In the past, of course, many serial killers had no need to hide behind the faade of a conventional way of life. Historical figures such as the sixteenth-century Hungarian countess Erzebet Bathory were in a position to do what they liked; in Erzebet's case what she liked was torturing servant girls to death. She would pierce them with pins, needles and branding irons, burn their vaginas with lighted candles and then attack them in a frenzy, tearing their breasts to pieces. During the torture sessions, she would also bite chunks of flesh from the girls. One victim was forced to cook and eat her own flesh. After these orgiastic rituals of torture and murder, the bodies of the girls would be left to rot, or dumped outside the castle walls for wolves to eat. This continued for years, without anyone intervening. It was only when Erzebet started to torture daughters of the nobility instead of mere peasant girls that the king decided to put a stop to her activities and ordered a night raid on the castle, catching her in the act. Even then, instead of being executed like her servant accomplices, Erzebet was given a special dispensation and, despite the fact that she had killed hundreds of victims, ended her days imprisoned in her castle rooms.

ANONYMOUS KILLERS

Perhaps even more terrifying than these monsters of depravity, whether historical or modern day, are the ones who got away. The most infamous of these is, of course, Jack the Ripper. The fact that his victims were so brutally murdered, that he apparently issued taunting messages to the police and that his identity to this day remains unknown, continues to make this one of the most disturbing, and fascinating, cases of all time.

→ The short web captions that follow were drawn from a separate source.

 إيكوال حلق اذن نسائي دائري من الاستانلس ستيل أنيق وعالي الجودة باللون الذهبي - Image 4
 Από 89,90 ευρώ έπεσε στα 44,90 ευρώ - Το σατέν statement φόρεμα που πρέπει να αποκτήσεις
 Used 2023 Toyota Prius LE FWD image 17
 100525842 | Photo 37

Jack the Ripper claimed his first victim in 1888 a prostitute in London's East End known as 'Polly', though her real name was Mary Nichols. Her throat had been cut and there were vicious stab wounds to her stomach and genitals. About a month later, prostitute Annie Chapman was found disembowelled, her entrails laid across one shoulder. In a pattern that was to prove horribly familiar, parts of the body, in this case the bladder, vagina, womb and ovaries, were missing. The murders continued, each one more gruesome than the last; in the case of victim Catherine Eddowes, a kidney was removed and then half of it sent to the police with a letter bragging that the killer had eaten the other half. Finally, with the murder of Mary Kelly, the Ripper reached new depths of violence and madness: her dead body was disembowelled and her hand had been inserted into her stomach. In addition, her liver had been placed on her thigh, while her breasts had been cut off and laid out beside her severed heart, kidneys and nose. Strips of flesh were hung from nails around the room in which she was murdered. A post-mortem discovered that Kelly had been three months pregnant, but the Ripper had taken her womb and foetus with him.